Sequence and context parallel — sharding the time axis

TP shards the feature dim. PP shards the layer dim. Neither shards the sequence. As contexts grow past 32k tokens, the activations that scale with T (not d) become the bottleneck. Sequence parallel reclaims them cheaply; context parallel reclaims attention itself.

The activations TP doesn't reach

Inside a TP'd transformer block, the matmuls operate on (B, T, d) tensors sharded along d. After the AllReduce that closes each block, every rank has the full (B, T, d) output. Then LayerNorm, dropout, and the residual connection happen on that full tensor — TP doesn't help, because those ops don't have a "feature dim to shard."

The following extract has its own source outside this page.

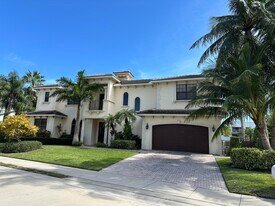 1111 Singer Dr in Riviera Beach, FL - Building Photo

Memory accounting per rank, around a TP block:

Inside the matmul: B · T · d / N floats per rank — TP-sharded. Small.
Around LayerNorm / dropout: B · T · d floats per rank — not sharded. Replicated.

For B=4, T=8192, d=8192, the unsharded chunk is ~537 MB per layer. Across 80 layers, even with activation checkpointing it sums to gigabytes that don't shrink as you add TP ranks. Sequence parallel (SP, Korthikanti et al. 2022) fixes this for free.

SP — shard along the sequence axis

The trick is: at the LayerNorm/dropout boundary, shard the activation along T instead of d. Each rank holds B · T/N · d floats. To enter the next TP'd matmul (which needs the full d), AllGather along T. To exit a TP'd matmul, ReduceScatter along T.

Crucially, the combination (AllGather along T) + (ReduceScatter along T) moves exactly the same bytes as a plain AllReduce — the bandwidth cost is identical. SP doesn't add comm; it reshapes the existing AllReduce into two halves and puts the LayerNorm/dropout work inside the sharded region.

Equivalent in cost, free in memory. SP is almost always on in production TP setups.

The attention problem at long context

SP shrinks the LayerNorm/dropout activations — but the attention matmul itself stays as O(B · T · h · d_k) activations per rank. For T = 1M tokens that's hundreds of gigabytes. Even FlashAttention's tile-by-tile streaming computes the same final values — it just avoids materialising the T×T attention matrix.

What we need is to shard the sequence for attention itself: each rank holds T/N tokens' worth of Q, K, V, and somehow computes the same full attention. The catch: each query at position i attends to all positions j ≤ i (causal), which lives on different ranks.

The one identity Ring Attention needs — online softmax

Everything below rests on a single algebraic fact: softmax can be computed incrementally, one chunk of scores at a time, with an exact running result. Derive it once here and the rest of the lesson — and lesson 19's FlashAttention — is just bookkeeping.

Plain (stable) softmax over a row of scores s_1 … s_T subtracts the max for numerical safety:

m = max_j s_j, ℓ = Σ_j e^{s_j − m}, O = Σ_j e^{s_j − m} · v_j, attention = O / ℓ

The catch that seems to forbid sharding: m and ℓ need the whole row before you can normalise. Online softmax breaks that dependency. Process the scores in chunks, carrying three running statistics (m, ℓ, O). When a new chunk arrives with local max m_c:

New running max: m' = max(m, m_c).
Rescale the old state by α = e^{m − m'} ≤ 1 — this retroactively corrects every earlier term from "minus old max" to "minus new max".
Fold in the chunk: ℓ' = α·ℓ + Σ_{j∈chunk} e^{s_j − m'} and O' = α·O + Σ_{j∈chunk} e^{s_j − m'} v_j.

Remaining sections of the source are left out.